[BRIEF] Scan the entries below for the word "Green" and copy every line in which it occurs.

[DATASET]
■ ■ ■ ■ ■
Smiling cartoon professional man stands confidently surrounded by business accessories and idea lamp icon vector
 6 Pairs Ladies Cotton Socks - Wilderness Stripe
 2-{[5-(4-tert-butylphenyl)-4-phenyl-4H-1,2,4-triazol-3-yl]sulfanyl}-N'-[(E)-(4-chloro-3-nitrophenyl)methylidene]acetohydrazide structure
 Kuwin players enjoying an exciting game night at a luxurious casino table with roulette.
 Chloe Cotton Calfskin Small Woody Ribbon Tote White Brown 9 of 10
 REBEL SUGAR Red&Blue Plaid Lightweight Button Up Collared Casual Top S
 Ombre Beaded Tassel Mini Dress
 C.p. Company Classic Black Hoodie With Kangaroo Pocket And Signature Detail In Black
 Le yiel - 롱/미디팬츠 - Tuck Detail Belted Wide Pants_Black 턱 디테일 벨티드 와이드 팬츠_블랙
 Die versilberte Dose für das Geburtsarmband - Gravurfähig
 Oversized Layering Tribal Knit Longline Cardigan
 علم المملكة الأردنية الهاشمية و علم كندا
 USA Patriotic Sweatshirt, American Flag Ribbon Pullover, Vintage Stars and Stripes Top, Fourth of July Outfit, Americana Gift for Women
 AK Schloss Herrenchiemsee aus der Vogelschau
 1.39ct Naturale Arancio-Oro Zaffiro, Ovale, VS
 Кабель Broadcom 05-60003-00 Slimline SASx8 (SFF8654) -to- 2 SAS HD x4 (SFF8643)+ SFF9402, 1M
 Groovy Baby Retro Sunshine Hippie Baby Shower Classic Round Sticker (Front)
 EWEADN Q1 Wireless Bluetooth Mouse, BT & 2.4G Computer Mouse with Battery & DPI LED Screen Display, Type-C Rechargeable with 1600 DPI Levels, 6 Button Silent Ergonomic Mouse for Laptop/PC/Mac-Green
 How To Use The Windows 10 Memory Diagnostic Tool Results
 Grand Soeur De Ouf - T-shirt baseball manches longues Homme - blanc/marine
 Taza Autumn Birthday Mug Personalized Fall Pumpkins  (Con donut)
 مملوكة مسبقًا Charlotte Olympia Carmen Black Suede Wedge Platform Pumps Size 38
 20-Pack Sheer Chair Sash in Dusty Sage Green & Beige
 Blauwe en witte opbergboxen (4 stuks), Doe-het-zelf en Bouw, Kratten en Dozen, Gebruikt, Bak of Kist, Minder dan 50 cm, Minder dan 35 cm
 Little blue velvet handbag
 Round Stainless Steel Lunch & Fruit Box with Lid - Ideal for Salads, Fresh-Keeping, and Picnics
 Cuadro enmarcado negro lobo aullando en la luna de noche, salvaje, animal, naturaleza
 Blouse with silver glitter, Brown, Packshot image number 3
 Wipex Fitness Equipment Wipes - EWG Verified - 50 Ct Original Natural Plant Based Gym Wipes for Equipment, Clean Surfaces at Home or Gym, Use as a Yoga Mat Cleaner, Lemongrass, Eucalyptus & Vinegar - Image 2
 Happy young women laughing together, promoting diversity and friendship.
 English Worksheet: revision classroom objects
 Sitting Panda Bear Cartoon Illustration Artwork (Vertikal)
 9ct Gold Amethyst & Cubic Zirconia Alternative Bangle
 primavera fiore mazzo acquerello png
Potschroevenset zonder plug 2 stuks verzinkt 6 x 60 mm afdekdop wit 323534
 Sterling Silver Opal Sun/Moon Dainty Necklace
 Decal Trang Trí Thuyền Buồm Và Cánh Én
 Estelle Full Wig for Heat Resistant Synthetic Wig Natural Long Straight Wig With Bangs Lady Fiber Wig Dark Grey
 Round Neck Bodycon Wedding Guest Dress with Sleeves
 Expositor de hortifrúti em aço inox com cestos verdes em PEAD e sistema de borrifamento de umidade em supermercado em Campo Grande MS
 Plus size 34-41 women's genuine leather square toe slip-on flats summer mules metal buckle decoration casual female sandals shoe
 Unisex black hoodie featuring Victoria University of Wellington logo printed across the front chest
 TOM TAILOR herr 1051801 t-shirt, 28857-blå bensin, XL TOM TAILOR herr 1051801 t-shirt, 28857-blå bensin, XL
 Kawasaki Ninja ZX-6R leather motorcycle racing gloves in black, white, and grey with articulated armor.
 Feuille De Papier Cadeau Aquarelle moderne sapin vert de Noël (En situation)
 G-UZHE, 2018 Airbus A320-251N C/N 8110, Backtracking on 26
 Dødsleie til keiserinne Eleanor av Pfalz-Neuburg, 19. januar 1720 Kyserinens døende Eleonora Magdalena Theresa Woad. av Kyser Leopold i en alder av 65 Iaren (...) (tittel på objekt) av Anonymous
■ ■ ■ ■ ■
[WORKED SOLUTION]
 EWEADN Q1 Wireless Bluetooth Mouse, BT & 2.4G Computer Mouse with Battery & DPI LED Screen Display, Type-C Rechargeable with 1600 DPI Levels, 6 Button Silent Ergonomic Mouse for Laptop/PC/Mac-Green
 20-Pack Sheer Chair Sash in Dusty Sage Green & Beige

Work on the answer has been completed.